Regulators in February sent cease-and-desist letters to six designated-player companies, ordering them to "cease conducting business activities related to the providing of designated players for the establishment of a bank in licensed cardrooms in this state."
"By providing this service your business is assisting the cardrooms in establishing a bank, and violating the law. Although individuals are free to participate in authorized games within licensed facilities, your business interest and active participation in the establishment of a bank is strictly prohibited," the letter read.
Jacksonville Kennel Club President Jamie Shelton testified Wednesday that the games, launched in September, bring in about $1 million a month. The company invested about $350,000 in setting up the designated-player games, and 85 employees would lose their jobs --- paying between $45,000 and $60,000 a year --- if they went away, Shelton said.
Addressing a legal point in his closing argument, Hall said the gambling operator had already recouped its investment in the games.
"Clearly it's a bad thing if people lose their jobs. But, as the law defines it, that's not a detriment to Jacksonville Kennel Club. It certainly is to those people.

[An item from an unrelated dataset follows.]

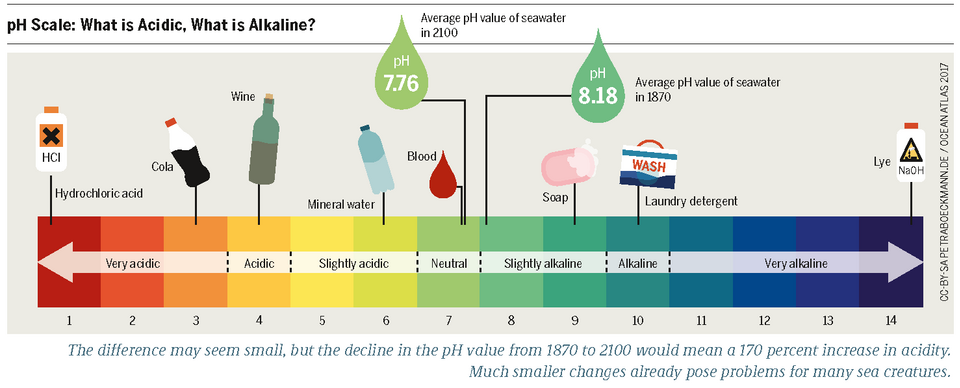 A colour-coded pH scale from 1 to 14 - red through green to blue - running from strong acids through neutral water at 7 to strong alkalis, with blood marked just on the alkaline side of neutral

But the detriment is they will not make as much money going forward," Hall said.
Hall's comment drew the wrath of Christopher Kise, a lawyer who represents Tampa Bay Downs, which also operates the popular card games.
"The message he's sending on behalf of the (Scott) administration is that any business that invests in facilities and creates jobs based on regulatory approvals can have that eliminated by a political change in position, and that is not a detriment to be considered by the court," Kise said. "That argument is counter to the message that has been preached by this administration since day one. Jobs and capital investment matter."
Lockwood accused regulators of abruptly changing their view of the games after Gov. Rick Scott and the Seminole Tribe signed a proposed $3 billion gambling deal in December. The deal was never approved by the Legislature and never went into effect. The designated-player games are also an issue in a lawsuit between the tribe and the state over banked card games. A five-year deal giving the tribe exclusive rights to operate the banked games expired last summer, prompting the lawsuit.
But the agency's "motivation doesn't come into play," Van Wyk said Wednesday.
"What I am assigned to do is to determine, based on evidence, whether or not the games, as being played, violate the statute," she said. "We hear plenty of cases here where there are numerous political factors and background, none of which we are even allowed to consider."
Lockwood also accused regulators of trying to do away with their current rule --- years in the making --- dealing with the games without going through the proper process. The complaints were issued just months after state regulators trained investigators in how to play the games. One investigator testified that the games that were the basis of the complaint were no different than the games he was taught were authorized.
"It all comes down to a change in policy," Lockwood said. "They've had all these opportunities to clarify this through rulemaking. Essentially what it's coming up to is an unadopted rule that these games just simply can't be played."
Hall acknowledged earlier that the games have posed a challenge.
"This has been a fluid situation for several years," he said. "It may be frankly true (the department) is still trying to figure out how to regulate these games."